C1' = f' g' - e' h' = f (g+en) - e (h+fn) = fg - eh = C1
C2' = d' f' - b' h' = (d+bn) f - b (h+fn) = df - bh = C2
C3' = d' g' - c' h' = (d+bn)(g+en) - (c+an)(h+fn)
                    = (dg-ch) + n(-ah + bg - cf + de) + n^2(be - af)
                    = C3 + n B3 + n^2 A3
and so on...

it is found that
    A1',B1',C1' = A1,B1,C1
    A2',B2',C2' = A2,B2,C2
    A3',B3',C3' = A3, B3 + 2n A3, C3 + n B3 + n^2 A3

The previous two manipulations can be rephrased nicely in the language of linear algebra

    |a' b' e' f'| = | 0 1| |a b e f|
    |c' d' g' h'|   |-1 0| |c d g h|

    | A3'  B3'/2| = | 0 1| | A3  B3/2| |0 -1|
    |B3'/2  C3' |   |-1 0| |B3/2  C3 | |1  0|

    |a' b' e' f'| = |1 0| |a b e f|
    |c' d' g' h'|   |n 1| |c d g h|

    | A3'  B3'/2| = |1 0| | A3  B3/2| |1 n|
    |B3'/2  C3' |   |n 1| |B3/2  C3 | |0 1|

These two manipulations can be combined, and repeated, leading to the following general case

modify with any matrix such that ru - st = 1
    |a' b' e' f'| = |r s| |a b e f|
    |c' d' g' h'|   |t u| |c d g h|

    | A3'  B3'/2| = |r s| | A3  B3/2| |r t|
    |B3'/2  C3' |   |t u| |B3/2  C3 | |s u|

This freedom in the tuple is precisely the freedom in the equivalance relation mentioned above.

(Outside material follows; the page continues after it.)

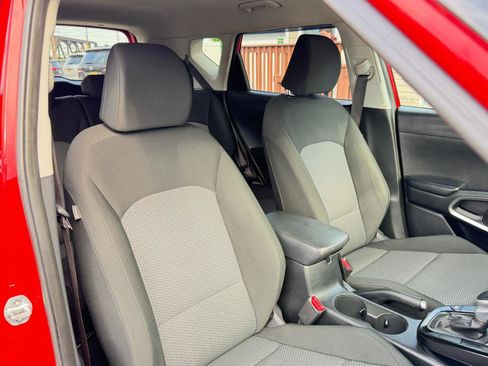 Used 2021 Kia Soul X-Line FWD image 38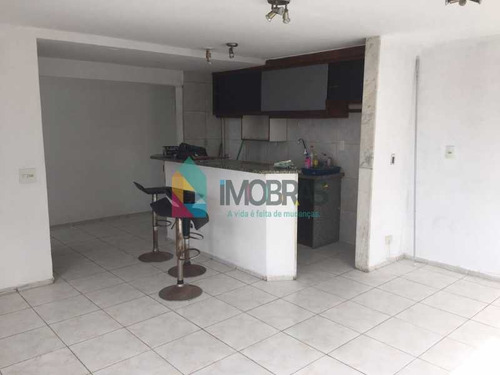 Imagem 7 de 15 de Apartamento-à Venda-vidigal-rio De Janeiro - Boap20446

A routine to do a general matrix transformation on the cube like this is provided in the algocomp library: transform_cube(cube, r,s,t,u).

Preserving Tuple1,Tuple3 or Tuple2,Tuple3

By symmetry of the cube and equations, similar manipulations can be done which only change Tuple2 or only change Tuple1.

Algebra details specific to the case of interest

From the constraint the discriminant is negative a prime number p, and the following constraint for any cube solution:

    B1^2 - 4 A1 C1 = B2^2 - 4 A2 C2 = B3^2 - 4 A3 C3 = - p

We can see that no tuple value can be zero, as that would require p to have a non-trivial factor.

Similarly, we can see that gcd(B1,A1) = gcd(B1,C1) = 1, and likewise for the other two forms.